Plan to expand recreational water rights in Colorado faces stiff opposition
Colorado Sun
DENVER — American Whitewater floated a plan last year to expand protections for recreational river flows in Colorado. Maybe, the nonprofit protector of rivers thought, communities should not need to build whitewater parks to secure rights for recreational flows.
Colorado officially recognized recreation in a river as a beneficial use of water in 2001, enabling riverside communities to file for water rights to support whitewater parks. Those recreational in-channel diversion water rights, or RICDs, set a minimal stream flow between structures to support “a reasonable recreation experience.”
The nonprofit river conservation group American Whitewater is advancing a plan that structures in the river are not necessary for river recreation and communities should be able to file for RICD water rights without expensively engineered features that create waves and holes for kayaking, rafting and stand-up paddling. While there are 13 official RICD water rights in the state, there are more than 130 stretches of whitewater that can be rafted, kayaked and stand-up paddled in the state.
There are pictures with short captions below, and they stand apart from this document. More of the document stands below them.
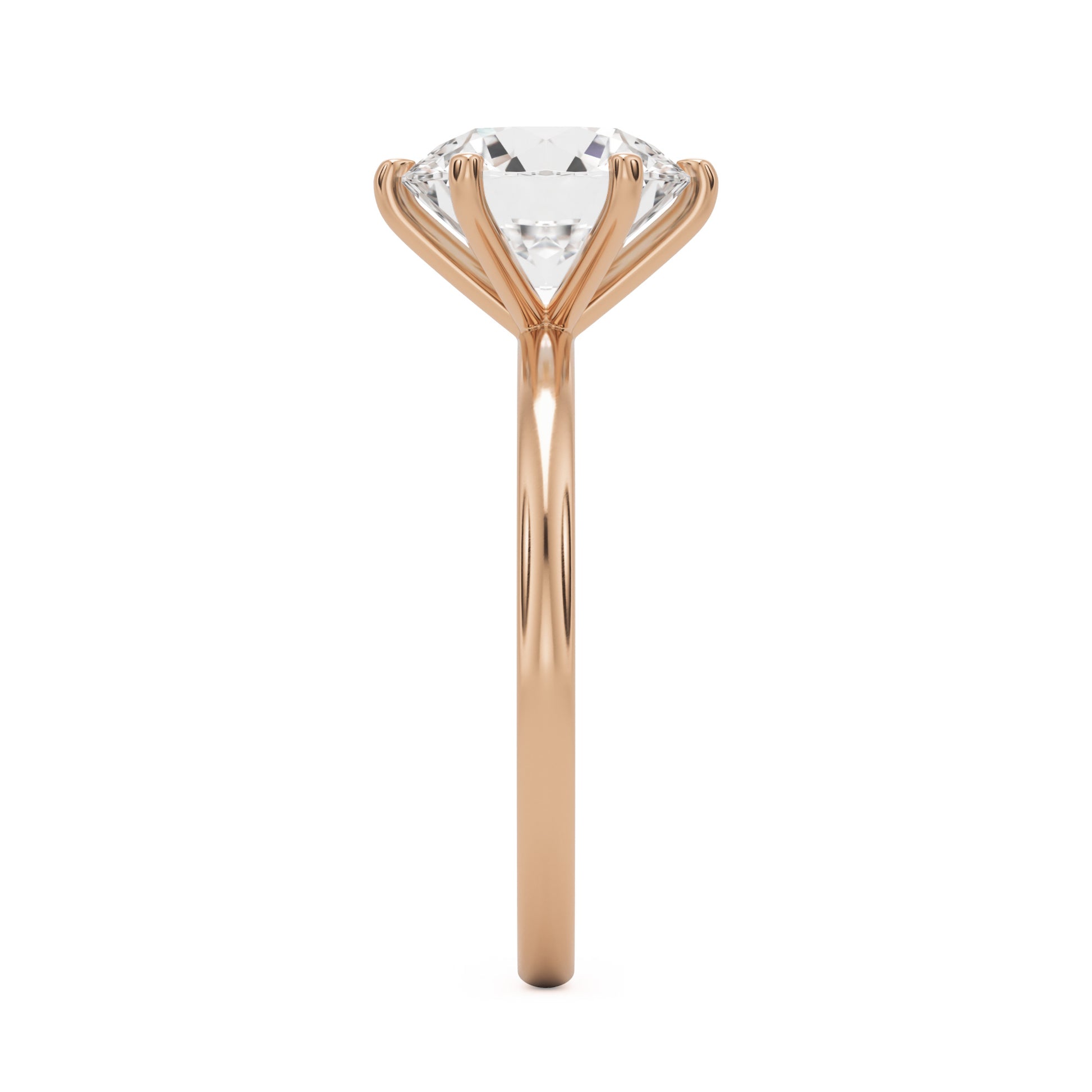 round solitaire 14k rose gold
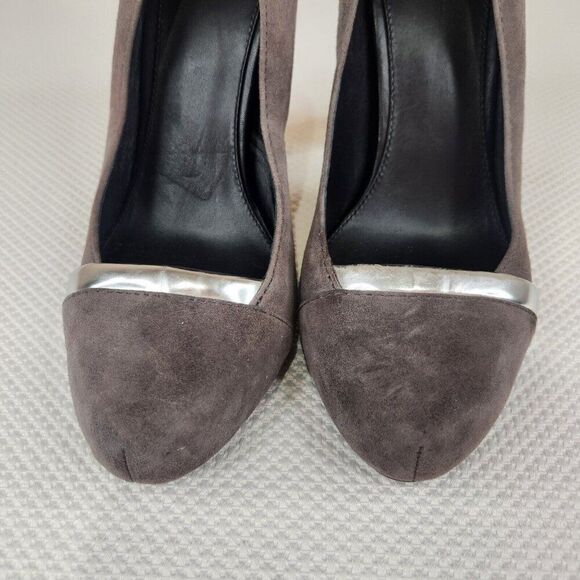 Furla Gray Suede Pumps Shoes Heels Silver Accent Size EU 39 US 8 - Picture 4 of 8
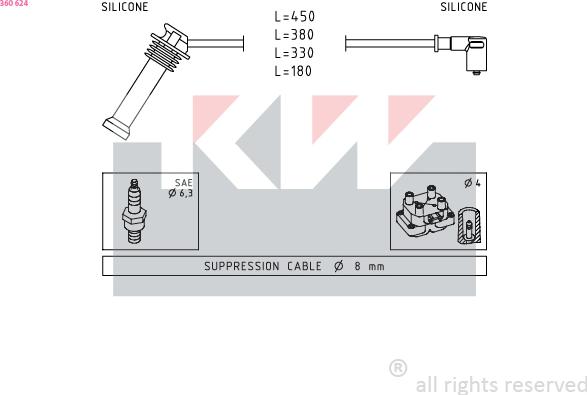 KW 360 624 - Augstsprieguma vadu komplekts adetalas.lv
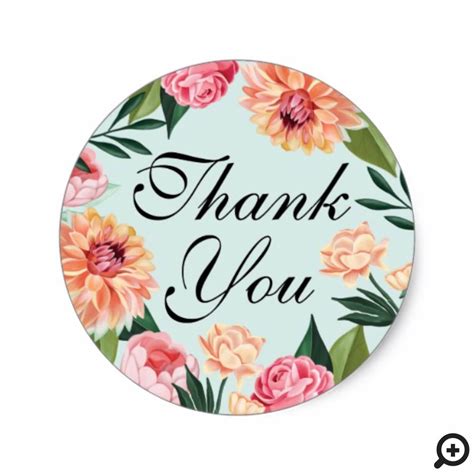 Timeless Watercolor Floral Wedding Thank You Classic Round Sticker Moodthology Papery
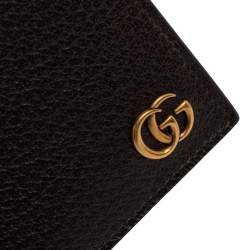 Gucci Brown Leather GG Marmont Long Bifold Wallet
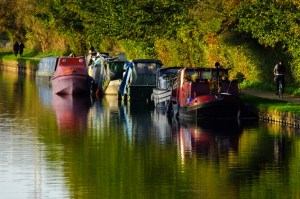 Live-aboard barges lined portions of the River Lea.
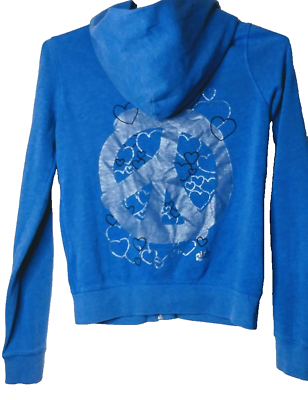 #ad PINK Victoria#x27;s Secret Blue Hoodie Sweatshirt Peace Hearts Zip Women#x27;s XS Zip $12.97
Early talks with Colorado’s sharp-elbowed water community have not gone well. No lawmaker took up American Whitewater’s proposed legislation, which has been scrapped. And opposition to a plan that expands recreational protection of water is stiff.
The gist of opposition, which was voiced earlier this month at the meeting of the statehouse Water Resources Review Committee, is this: If any community can file for RICD water rights without actually building anything in the river, the expansion of those recreational rights could muddy Colorado’s already complicated water dealing.